Orion - CLI tool to find regressions

Orion stands as a powerful command-line tool/daemon designed for identifying regressions within perf-scale CPT runs, leveraging metadata provided during the process. The detection mechanism relies on hunter.

Below is an illustrative example of the config and metadata that Orion can handle:

tests :
  - name : payload-cluster-density-v2
    index: ospst-perf-scale-ci-*
    benchmarkIndex: ospst-ripsaw-kube-burner*
    metadata:
      platform: AWS
      clusterType: self-managed
      masterNodesType: m6a.xlarge
      masterNodesCount: 3
      workerNodesType: m6a.xlarge
      workerNodesCount: 6
      benchmark.keyword: cluster-density-v2
      ocpVersion: 4.17
      networkType: OVNKubernetes

    metrics : 
    - name:  podReadyLatency
      metricName: podLatencyQuantilesMeasurement
      quantileName: Ready
      metric_of_interest: P99
      not: 
        jobConfig.name: "garbage-collection"
      labels:
        - "[Jira: PerfScale]"
      direction: 0

    - name:  apiserverCPU
      metricName : containerCPU
      labels.namespace.keyword: openshift-kube-apiserver
      metric_of_interest: value
      agg:
        value: cpu
        agg_type: avg
      labels:
        - "[Jira: kube-apiserver]"
      direction: 0

    - name:  ovnCPU
      metricName : containerCPU
      labels.namespace.keyword: openshift-ovn-kubernetes
      metric_of_interest: value
      agg:
        value: cpu
        agg_type: avg
      labels:
        - "[Jira: Networking / ovn-kubernetes]"
      direction: 0

    - name:  etcdCPU
      metricName : containerCPU
      labels.namespace.keyword: openshift-etcd
      metric_of_interest: value
      agg:
        value: cpu
        agg_type: avg
      labels:
        - "[Jira: etcd]"
      direction: 0
    
    - name:  etcdDisk
      metricName : 99thEtcdDiskBackendCommitDurationSeconds
      metric_of_interest: value
      agg:
        value: duration
        agg_type: avg
      labels:
        - "[Jira: etcd]"
      direction: 0

    - name: kubelet 
      metricName : kubeletCPU 
      metric_of_interest: value 
      labels: 
        - "[Jira: Node]" 
      agg: 
        value: cpu 
        agg_type: avg
      direction: 0

Note: direction: 1 specifies to show positive changes, direction: 0 specifies to show both positive and negative changes while direction: -1 shows negative changes.

Build Orion

Building Orion is a straightforward process. Follow these commands:

Note: Orion Compatibility

Orion currently supports Python version 3.11.x. Please be aware that using other Python versions might lead to dependency conflicts caused by hunter, creating a challenging situation known as "dependency hell." It's crucial to highlight that Python 3.12.x may result in errors due to the removal of distutils, a dependency used by numpy. This information is essential to ensure a smooth experience with Orion and avoid potential compatibility issues.
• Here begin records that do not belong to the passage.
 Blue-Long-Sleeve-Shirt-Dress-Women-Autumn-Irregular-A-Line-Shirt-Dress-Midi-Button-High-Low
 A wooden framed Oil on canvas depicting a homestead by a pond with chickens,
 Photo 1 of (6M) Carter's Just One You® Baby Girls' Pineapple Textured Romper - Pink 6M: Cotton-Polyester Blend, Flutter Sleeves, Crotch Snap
Clone the current repository using git clone.

>> git clone <repository_url>
>> python3 -m venv venv
>> source venv/bin/activate
>> pip install -r requirements.txt
>> export ES_SERVER = <es_server_url>
>> pip install .

Run Orion

Executing Orion is as seamless as its building it. With the latest enhancements, Orion introduces a versatile command-line option and a Daemon mode, empowering users to select the mode that aligns perfectly with their requirements.

Command-line mode

Running Orion in command-line Mode is straightforward. Simply follow these instructions:

>> orion cmd --hunter-analyze

At the moment,

Orion provides flexibility in configuring its behavior by allowing users to set the path to their config file using the --config flag.

For enhanced troubleshooting and debugging, Orion supports the --debug flag, enabling the generation of detailed debug logs.

Activate Orion's regression detection tool for performance-scale CPT runs effortlessly with the --hunter-analyze command. This seamlessly integrates with metadata and hunter, ensuring a robust and efficient regression detection process.

Additionally, users can specify a custom path for the output CSV file using the --output flag, providing control over the location where the generated CSV will be stored.

Orion now supports anomaly detection for your data. Use the --anomaly-detection command to start the anomaly detection process.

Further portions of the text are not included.